§ What the exercise asks: In the entries below, find the line with "Gucci Calfskin Matelasse" and the line with "Light Blue Scallop"; copy them and every line between them exactly, but not the pictures.

§ Excerpted records:

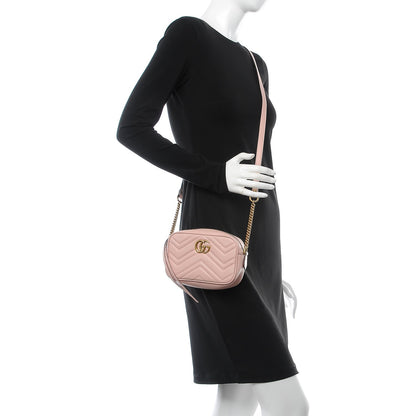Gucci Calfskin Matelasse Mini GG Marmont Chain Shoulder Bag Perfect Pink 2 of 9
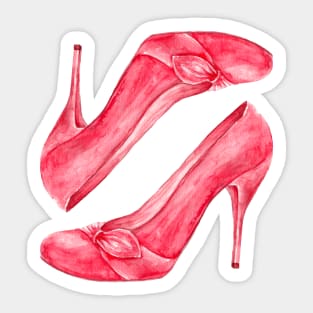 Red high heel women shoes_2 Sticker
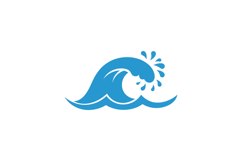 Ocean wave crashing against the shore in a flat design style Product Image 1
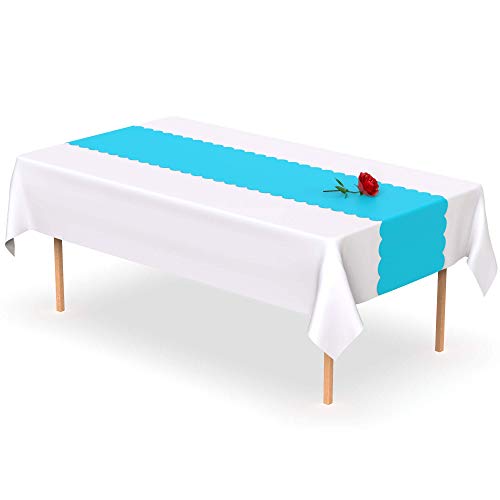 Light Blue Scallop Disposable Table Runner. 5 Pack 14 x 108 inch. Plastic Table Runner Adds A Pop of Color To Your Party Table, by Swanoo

---

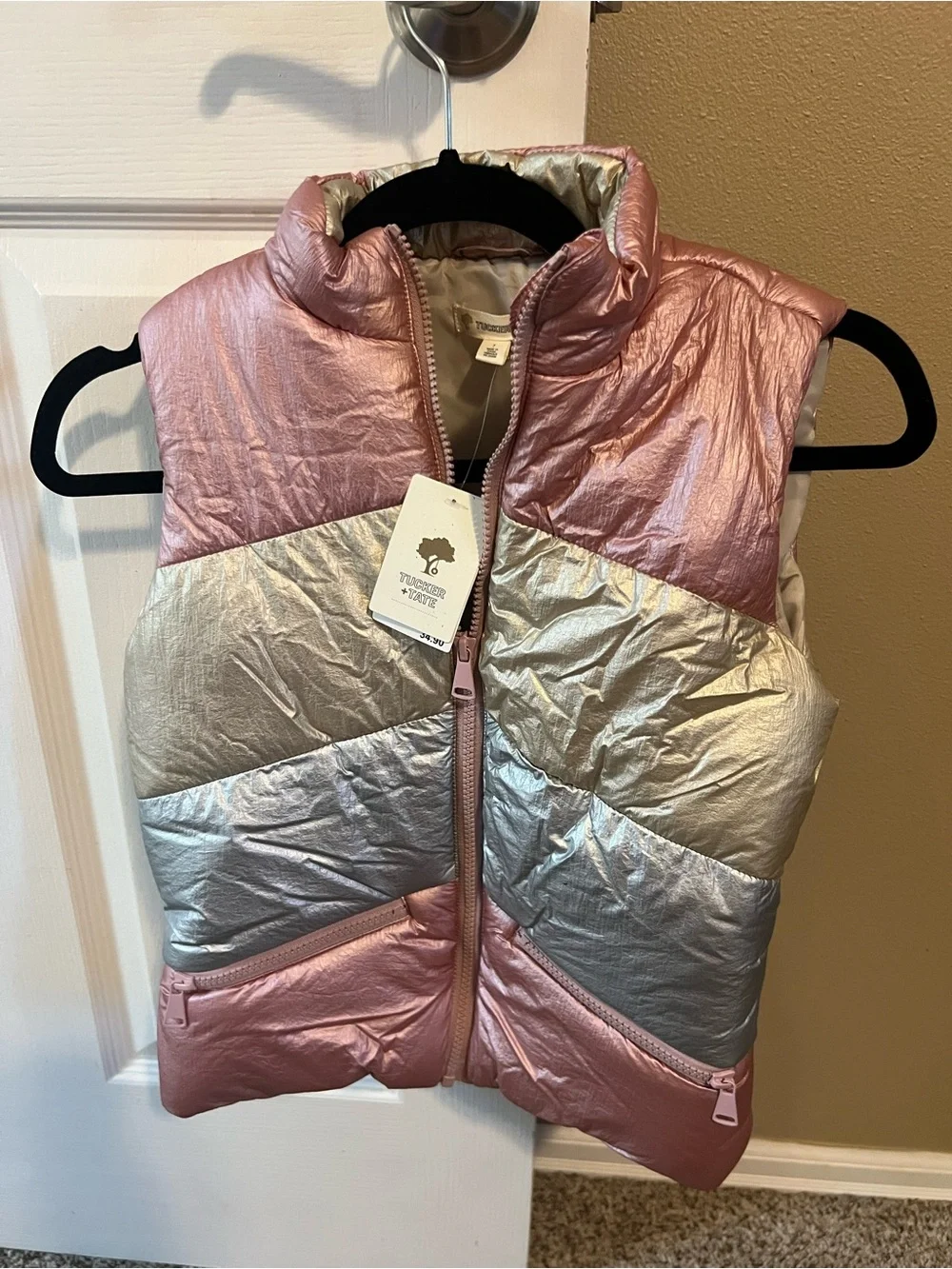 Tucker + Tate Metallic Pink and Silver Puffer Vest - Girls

==

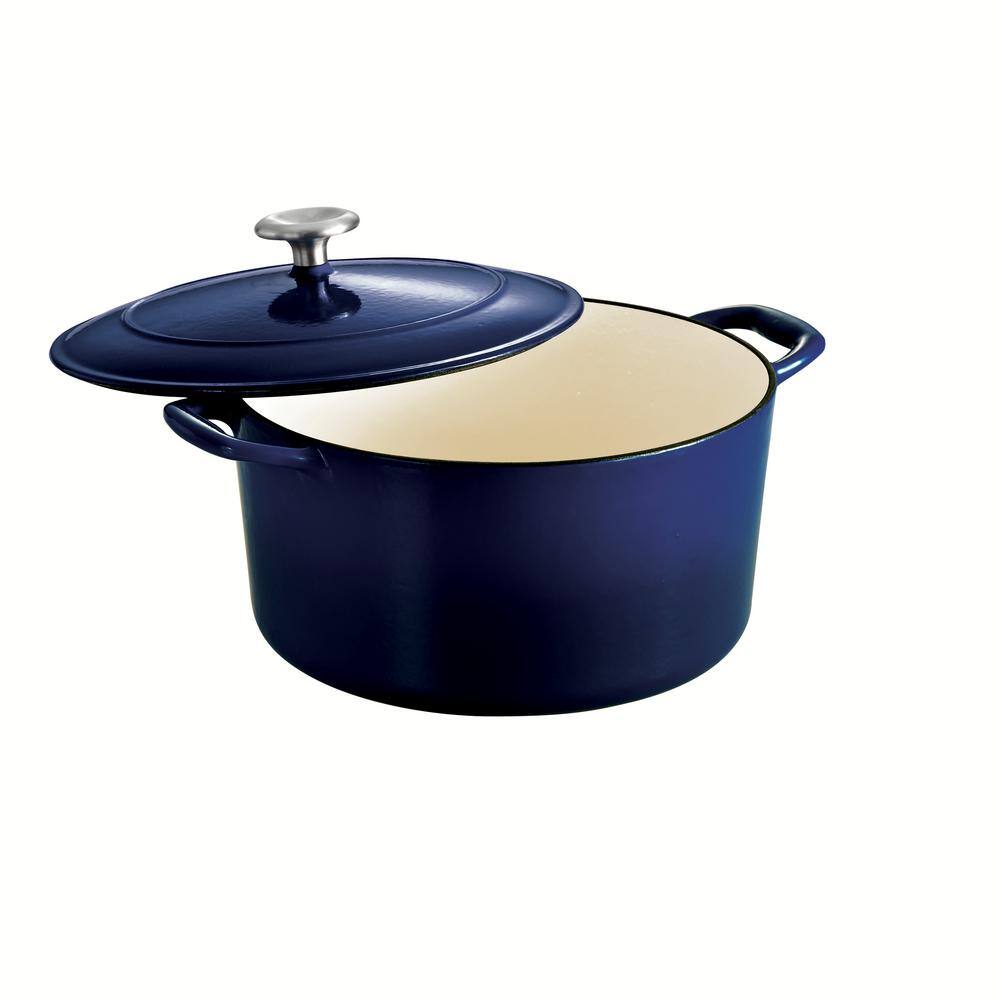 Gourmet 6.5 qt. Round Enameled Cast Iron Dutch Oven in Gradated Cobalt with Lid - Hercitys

§ The answer:
Gucci Calfskin Matelasse Mini GG Marmont Chain Shoulder Bag Perfect Pink 2 of 9
 Red high heel women shoes_2 Sticker
 Ocean wave crashing against the shore in a flat design style Product Image 1
 Light Blue Scallop Disposable Table Runner. 5 Pack 14 x 108 inch. Plastic Table Runner Adds A Pop of Color To Your Party Table, by Swanoo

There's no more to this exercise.